DFW Vascular Group, Dallas, TX; Department of Surgery, Methodist Dallas Medical Center, Dallas, TX.
DFW Vascular Group, Dallas, TX; Department of Surgery, Methodist Dallas Medical Center, Dallas, TX; Division of Cardiothoracic Surgery, Methodist Dallas Medical Center, Dallas, TX; TCU School of Medicine, Fort Worth, TX.
Ann Vasc Surg. 2021 Jul;74:321-329. doi: 10.1016/j.avsg.2021.01.099. Epub 2021 Mar 6.
Superior vena cava (SVC) occlusion in dialysis patients is a serious complication that can cause SVC syndrome and vascular access dysfunction. While endovascular therapy has advanced to become the first line of treatment, open surgical treatment may still be needed occasionally. However, no long term outcome data has been previously reported.
We performed a retrospective review of 5 dialysis patients treated with bypass graft to the right atrium from 2012 to 2014. Four patients had severe dysfunction of their upper arm dialysis access as well as superior vena cava syndrome, and one patient with a femoral tunneled dialysis catheter (TDC) had SVC occlusion.
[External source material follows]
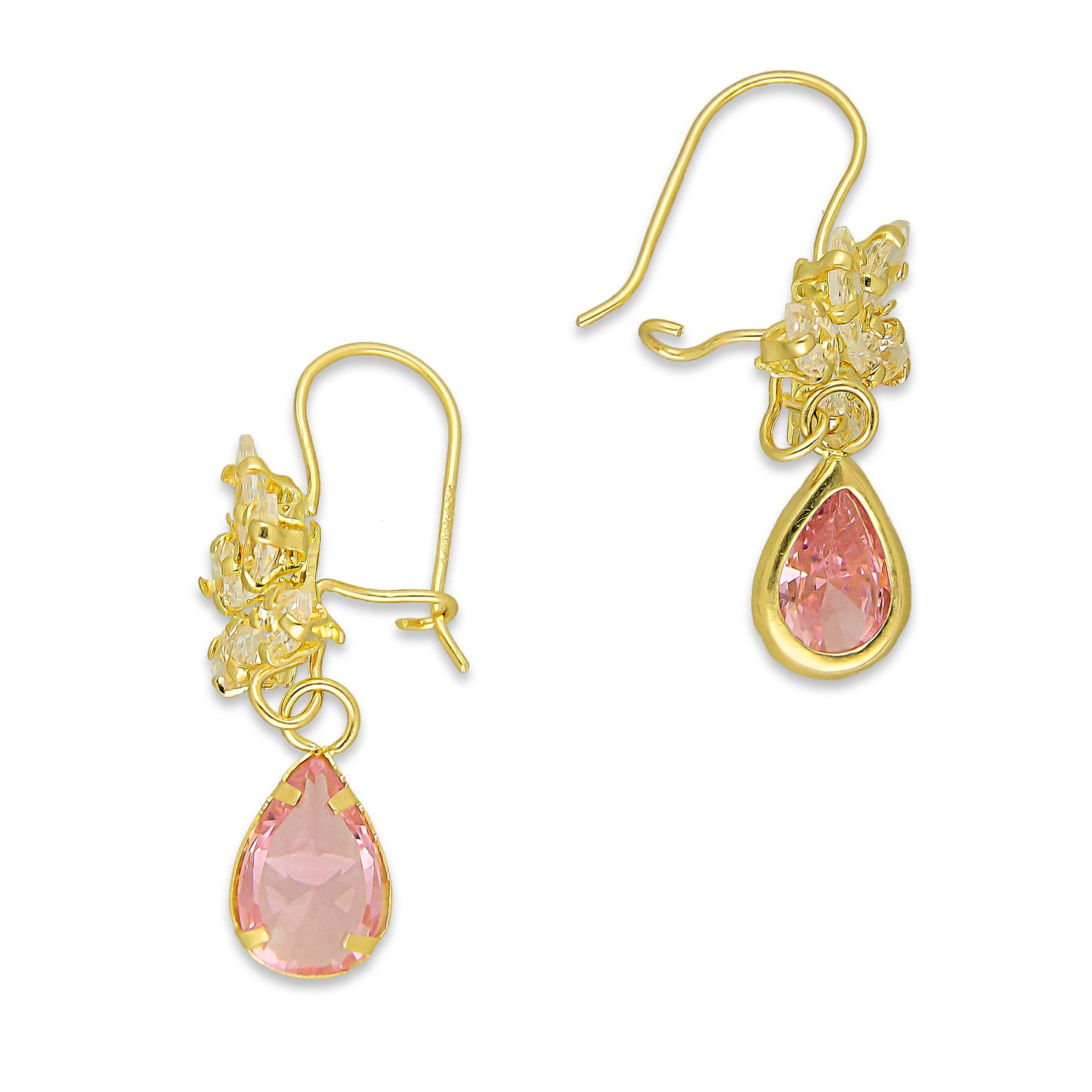 MR10AR028 Arete Arillo Oro Sólido 10K Modelo Racimo Semillas con Zirconia Rosa Colgante Gota 3 cm Diámetro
None of the patients were candidates for lower extremity access creation or peritoneal dialysis (PD). Three patients underwent a left brachiocephalic-right atrial bypass and 2 underwent a bypass from the cephalic fistula to the right atrium.
All procedures were technically successful and maintained function of the arteriovenous fistulas or allowed creation of a new upper extremity dialysis graft. One-year secondary patency rate of the bypass was 100%. Longer follow up revealed that one patient died of leg sepsis and another one of a stroke within 14 months after the procedure. Another patient did well for 16 months when recurrent graft thrombosis occurred; and ultimately the graft failed after 31 months despite multiple interventions. Two patients maintained bypass graft patency during a follow up of 78 months; however, they underwent multiple endovascular interventions (23) and open vascular access procedures (4) to maintain hemodialysis function.
Bypass grafts to the right atrium in dialysis patients with SVC occlusion are successful in maintaining function of already existing vascular access or new ones. Long term secondary patency can be achieved but requires strict follow up and a proactive endovascular strategy to treat lesions in the access and or the bypass graft.
透析患者上腔静脉(SVC)阻塞是一种严重的并发症,可导致 SVC 综合征和血管通路功能障碍。虽然血管内治疗已经发展成为一线治疗方法,但有时仍需要开放手术治疗。然而,以前没有报道过长期的结果数据。
我们回顾性分析了 2012 年至 2014 年间 5 例接受旁路移植至右心房治疗 SVC 阻塞的透析患者。4 例患者上臂透析通路严重功能障碍和 SVC 综合征,1 例股部隧道透析导管(TDC)SVC 阻塞。所有患者均不适合建立下肢通路或腹膜透析(PD)。3 例患者行左头臂静脉-右心房旁路移植,2 例行头静脉-右心房旁路移植。
所有手术均技术成功,维持了动静脉瘘的功能或允许建立新的上肢透析移植物。旁路 1 年通畅率为 100%。更长的随访显示,1 例患者术后 14 个月死于下肢败血症,1 例患者死于中风。另 1 例患者在术后 16 个月时复发性移植物血栓形成,但最终在 31 个月后移植物失功;尽管进行了多次干预,但仍失功。2 例患者在 78 个月的随访中保持旁路通畅;然而,他们需要多次血管内介入(23 次)和开放血管通路手术(4 次)来维持血液透析功能。
在 SVC 阻塞的透析患者中,旁路移植至右心房可成功维持已存在的血管通路或新通路的功能。可实现长期的通畅,但需要严格的随访和积极的血管内策略来治疗通路和/或旁路移植物中的病变。